Heer, wees mij, zondaar, genadig! | weekend 26-27 oktober
Twee mensen gingen op naar de tempel te Jeruzalem voor het gebedsuur.
De één was een Farizeeër, de ander een tollenaar.
De Farizeeër stond met opgeheven hoofd en bad halfluid als volgt:
“God, ik dank U dat ik niet ben als de rest van de mensen:
rovers, onrechtvaardigen, echtbrekers of ook als die tollenaar daar.
Ik vast vrijwillig tweemaal per week
en van al wat ik koop, sta ik een tiende deel af voor de tempel.”
Maar de tollenaar bleef op een afstand staan
en durfde zelfs zijn ogen niet opslaan naar de hemel.
Hij klopte zich op de borst en zei: “God, wees mij, zondaar, genadig”.
Ik zeg u: niet de Farizeeër, maar wel de tollenaar
vond genade in de ogen van God.
Hij stond in een juiste verhouding tot God.
(Lucas 18*)
Het Woord dat we volgend weekend horen
heeft te maken met de manier waarop wij bidden,
met de manier waarop wij voor God staan.
Staan we zelfverzekerd voor God,
proberen we ons van onze beste kant te presenteren?
Of durven we met onze zwakheid voor Hem staan
en erkennen dat we alles van Hem te verwachten hebben?
Hoe staan wij voor God,
in de kerk maar ook in ons leven van elke dag?
In het evangelie van vandaag lijkt het alsof er twee mensen in een spiegel kijken. De eerste is de farizeeër.
Ook vandaag zijn er mensen die zoals hij voortdurend weten en denken hoe goed ze wel zijn, mensen die denken dat ze anderen de les kunnen spellen of hen kunnen vernederen. Mensen die alleen maar bekommerd zijn om zichzelf en zich altijd maar meten met anderen op alle vlakken. Ik ben de rijkste, heb een betere job, een mooier huis dan anderen. Ik heb betere cijfers dan de andere in de klas. Ik ben veel geloviger, want ik bid elke dag en ik ga naar de mis. Ik ben veel socialer en steun veel goede projecten, ik, ik, … En tot slot denken ze: als ik goed doe, bid en naar de mis ga, dan moet God toch wel van me houden en moet God voor mij zorgen.

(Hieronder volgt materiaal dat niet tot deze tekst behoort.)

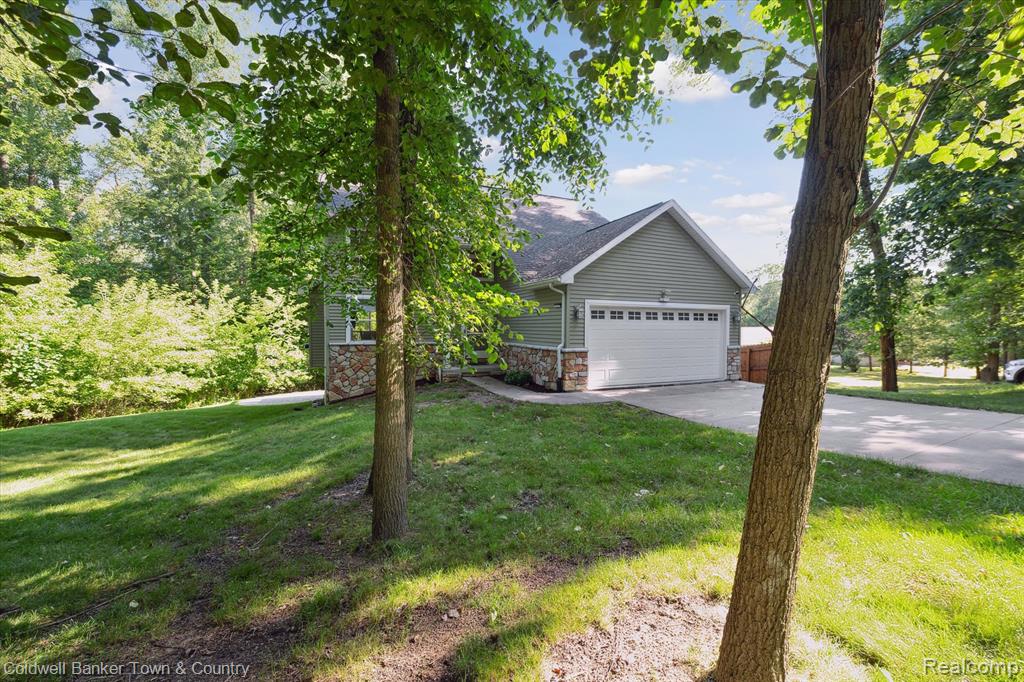4577 Oaklawn Drive, Pinckney, MI 48169 — Photo 2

Spiegeltje, spiegeltje aan de wand … en ze zien alleen zichzelf en lopen met het hoofd in de wolken. En dan is er de tollenaar met zijn spiegel.
Er staat een mens die zichzelf ziet, die de pijn en de miserie ziet die hij heeft aangericht. Deze spiegel leert de tollenaar zijn eigen kleinheid en zwakheden zien en erkennen. Hij is nederig, durft zijn hoofd niet op te richten, is beschaamd.
En dan is er nog die derde spiegel, die van Gods vergeving en liefde. Als we in die spiegel kijken, zien we onszelf door de ogen van God, dan zien we een mens met zijn zwakheid en al zijn gebrokenheid, maar graag gezien door God!
Eigenlijk wil deze parabel ons iets wonderlijks leren op onze levensweg: dat we Gods spiegelbeeld zijn.
Als mens zijn wij toch geschapen naar het beeld van God. Wij zijn toch Gods spiegelbeeld. We zijn dat niet meteen, we kunnen dat worden, elke dag een beetje meer, als we leren kijken met de ogen van God, naar onszelf en naar de anderen. De tollenaar weet zich door God bemind en kan opnieuw leven. Hij gaat naar huis met een gelouterd hart omdat Hij is mogen thuiskomen in die onnoemelijke liefde en vriendschap van God.
Levende en waarachtige God,
wij willen voor U staan zoals we zijn,
met onze goede kanten,
maar ook met onze fouten en gebreken.
Wees ons genadig en doe ons voluit tot ons recht komen:
dat we groeien tot mensen die leven in en uit de Geest
van Jezus Messias, uw Zoon en onze Heer.